Input material:
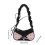 Stylish Polyester Shoulder Bag Unique Pleated Design Lightweight 3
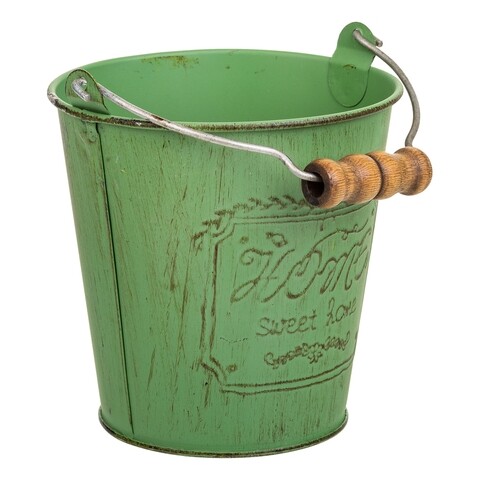 Ghiveci Sweet Home, Creaciones Meng, 10x15 cm, verde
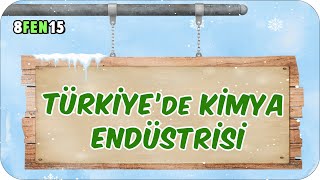 Türkiyede Kimya Endüstrisi 📗 tonguçCUP 2Sezon  8FEN15 2024LGS [upl. by Griff]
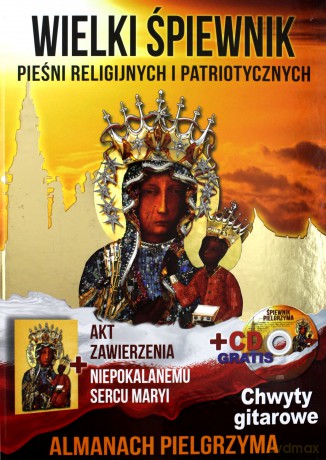 wielki spiewnik piesni religijnych i patriotycznych [KSIĄŻKA]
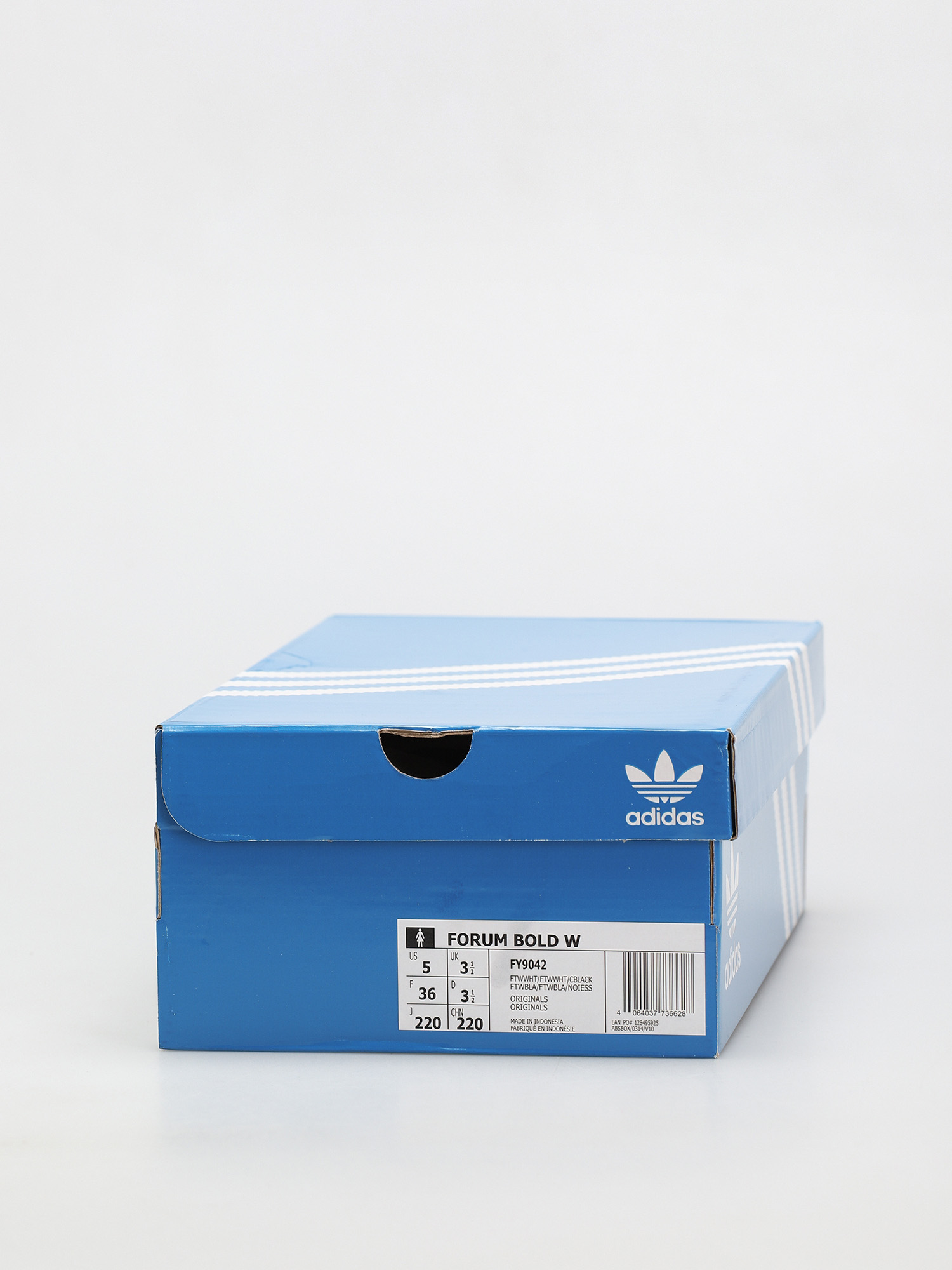 Buty adidas Originals Forum Bold Wmn (ftwwht/ftwwht/cblack)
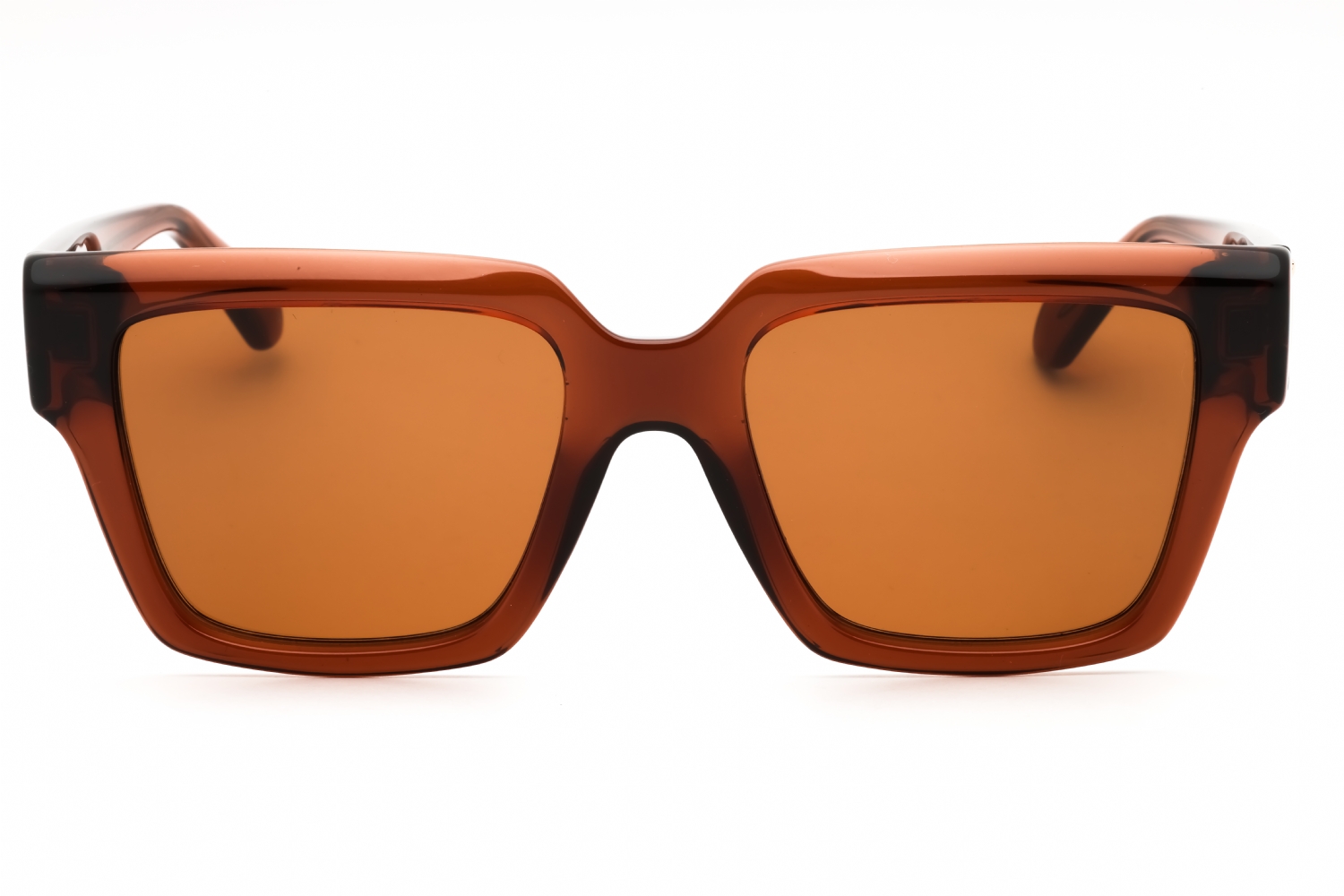 Transparent Brown Salvatore Ferragamo SF2014S Sunglasses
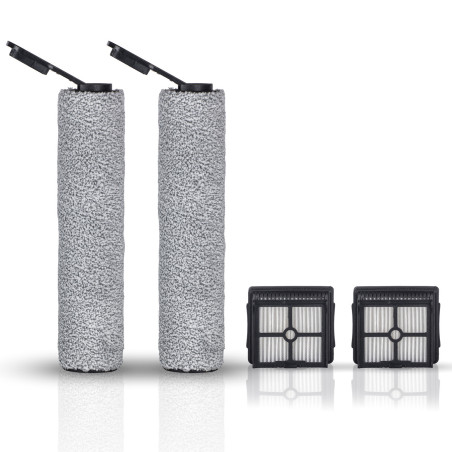 Rullar och filteruppsättning för Vileda Pure Clean S5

Activity: Pictures in the listing above must be skipped; everything else should be copied exactly.

Output of the exercise:
 Stylish Polyester Shoulder Bag Unique Pleated Design Lightweight 3
 Ghiveci Sweet Home, Creaciones Meng, 10x15 cm, verde
 Türkiyede Kimya Endüstrisi 📗 tonguçCUP 2Sezon  8FEN15 2024LGS [upl. by Griff]
 wielki spiewnik piesni religijnych i patriotycznych [KSIĄŻKA]
 Buty adidas Originals Forum Bold Wmn (ftwwht/ftwwht/cblack)
 Transparent Brown Salvatore Ferragamo SF2014S Sunglasses
 Rullar och filteruppsättning för Vileda Pure Clean S5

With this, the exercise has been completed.